What about Sophie’s freedom of action? Apparently she has none: everything that happens to her is already given in the book; everything that she does for herself is equally predetermined. Yet for the reader the events in her life are not predetermined until the reader passes the page on which they are depicted. In real life, too, my freedom of action is restricted to the future. In my past, everything is now fixed and unchangeable: whether I have free will to act or not is determined by whether that action is in prospect or already in the past. I cannot change my past, and in the long run every aspect of my life will be in the past.

This is not to say that free will is an illusion, but merely that it depends upon the temporal point of view, given our ignorance of the future.

I can watch a movie (if it is a good one!) dozens of times, and still feel emotionally involved with it, as if it was happening in real time every time. My normal self knows how the film will end, but while viewing it that knowledge is suspended and I immerse myself once again in the story.

Thus a fictional character does, I think, model the life of a real person rather faithfully.

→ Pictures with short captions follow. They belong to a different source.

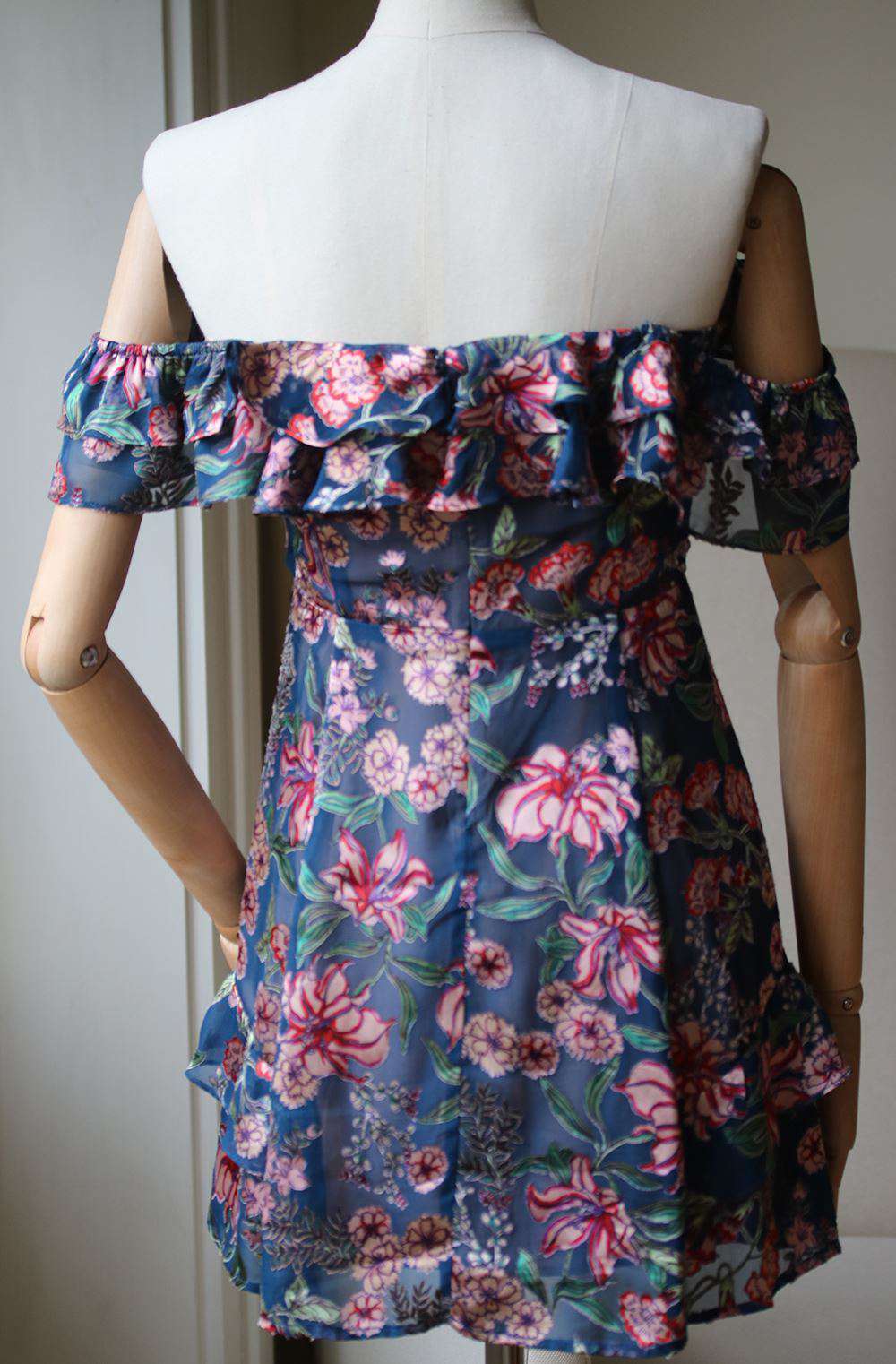 FOR LOVE AND LEMONS FLORA OFF-THE-SHOULDER DRESS SMALL - Image 6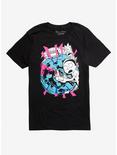 Rick And Morty Turquoise & Pink Portal T-Shirt, MULTI, hi-res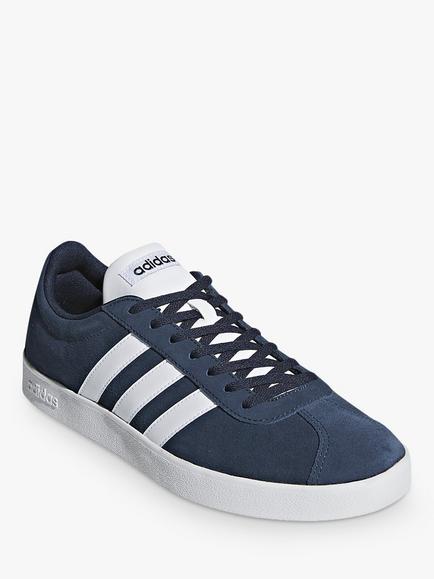 adidas VL 2.0 Court Suede Men's Trainers - view 2, Navy/White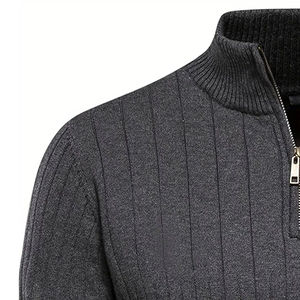 Vêtements de rue classiques pour hommes, sweatshirts en coton décontractés de grande taille pour hommes, sweatshirts à manches longues de couleur unie - Product Image 6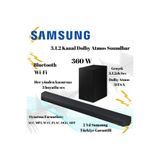 Samsung HW-Q600C Soundbar Ev Sinema Sistemi, 3.1.2 Kanal, 360W, Dolby Atmos, Bluetooth, HDMI, Siyah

Does this imply a dualist view of reality, in which consciousness (spirit, soul, or what you will) and matter are two different kinds of things? I suppose it must. One could say that the matter generates consciousness, rather like an electric current generating a magnetic field – a popular line of speculation today. But that model implies a pre-existing electromagnetic field, so a pre-existing psychic field into which brains can induce impressions. Or one could say that the consciousness generates matter, as a dreamer produces a dream. Either way, I suggest, the two sides are related in a non-physical way, thru the exchange of information alone.